Fiore scarabocchia con la foga di un Baudelaire sotto assenzio. Ha le dita macchiate d'inchiostro.

... che io sia
Ciò che mi aspetto che sia.

- Che hai da guardare?

Niente. Lo guardo perché mi va. Perché se gli metti una parrucca in testa è una ragazza. Perché non me ne frega niente se la cosa lo mette a disagio, e infatti in questa tenzone epica quello che perde è lui. Il cavaliere armato di stuzzicadenti non può battere il drago.

Fiore abbassa gli occhi, indispettito, e chiude di scatto il quaderno.

A fine lezione sfreccia via come se avesse i petardi cinesi sotto le scarpe.

- Massimo.

Mi blocco di fronte alla cattedra. La Cremolini mi fissa da dietro quegli occhiali da icona della moda anni Sessanta.

- Hai un minuto?

Preferirei bere uno shot di Vetril, ma non mi va di farla incazzare proprio oggi, quindi faccio cenno a Tobia di aspettarmi fuori.

- Che intenzioni hai quest'anno, Massimo?

Solo la mamma mi chiama Massimo, e di solito lo fa quando sta per mollarmi un ceffone.

- Cioè?

- Cioè, hai del potenziale e gradirei che non lo buttassi alle ortiche come hai fatto l'anno passato. Non devi fingere di valere meno solo per compiacere gli altri. Sei intelligente, ma infinitamente stupido quando decidi di mettere in mezzo l'orgoglio.

A quel punto mi scappa una mezza risata, ma più che una risata è tipo un colpo di fucile. A giudicare dalla faccia della Cremolini devo averla centrata in mezzo agli occhi. La assecondo con un cenno: - Se non c'è altro.

La prof mi scruta per qualche secondo. Poi sospira, scuotendo la testa: - Vai.

Vado.   

Non abbiamo davvero altro da dirci, se ritiene che il motivo della mia rabbia siano solo i quattro stronzi che abitano questo posto.   

Possono anche andare ad affogarsi.   

Le rovine erano il nostro regno.

Sullo scheletro del complesso industriale dimenticato nelle campagne potevamo cucire le murature di un castello, le garitte piene di soldati stremati dai turni di guardia, le torri ritorte, il ponte levatoio, gli stendardi blasonati.

Nel nostro regno si aggirano i randagi che masticano pneumatici e mangiano gli avanzi di cibo lasciati dai tossici.

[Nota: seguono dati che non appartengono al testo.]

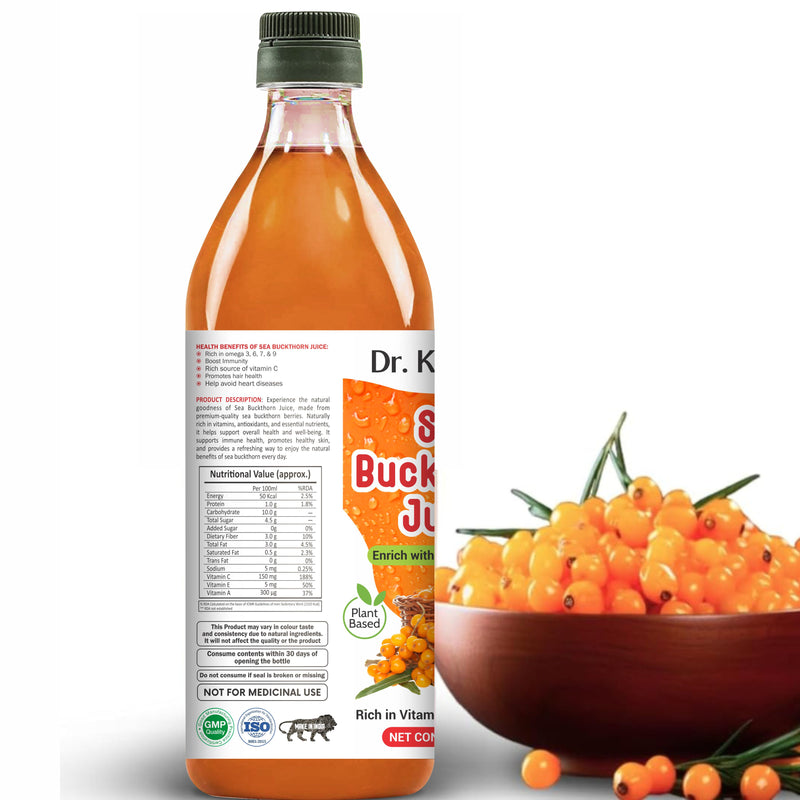 Dr. Kaiwart Sea Buckthorn Juice 500ml (Pack of 4) – Rich in Omega 3, 6, 7 & 9 | Natural Immunity & Antioxidant Support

Qui c'è tutto quello che la gente non vuole più, gli scarti di cui si vuole dimenticare.

Io e lei eravamo la spazzatura, e qui eravamo a casa.

La fabbrica abbandonata si profila come un mostro con ciminiere e fumaioli spenti. La torre cisterna si innalza, immensa, gettando la sua ombra tra bambole rotte, auto accartocciate e divani gonfi di umidità e polvere.

La mia mano si muove agile da un lato all'altro di questa parete che è un'accozzaglia di tag scarabocchiati di fretta e poesie che non vogliono dire un cazzo, ma a quanto pare qualcuno riesce a usarle per scopare.

Mi schiaccio la bandana contro le vie respiratorie, il cappuccio come armatura a proteggermi la testa, mentre spruzzo il colore lungo la superficie.

Il suo volto non è ancora completo, ma è immenso. Coprirò tutti questi scatti di creatività che si sono esauriti in un nulla di fatto. Gli avevamo anche dato un nome: "Seghe stanche d'artista". E lo farò con qualcosa di bello, e sarà ancora più bello a confronto di un posto tanto orribile.

Dunque, eccoci di nuovo qui, faccia a faccia, io e te.

Ciao, Rachele. Si sono già dimenticati tutti di te, ma io farò in modo di rinfrescargli la memoria.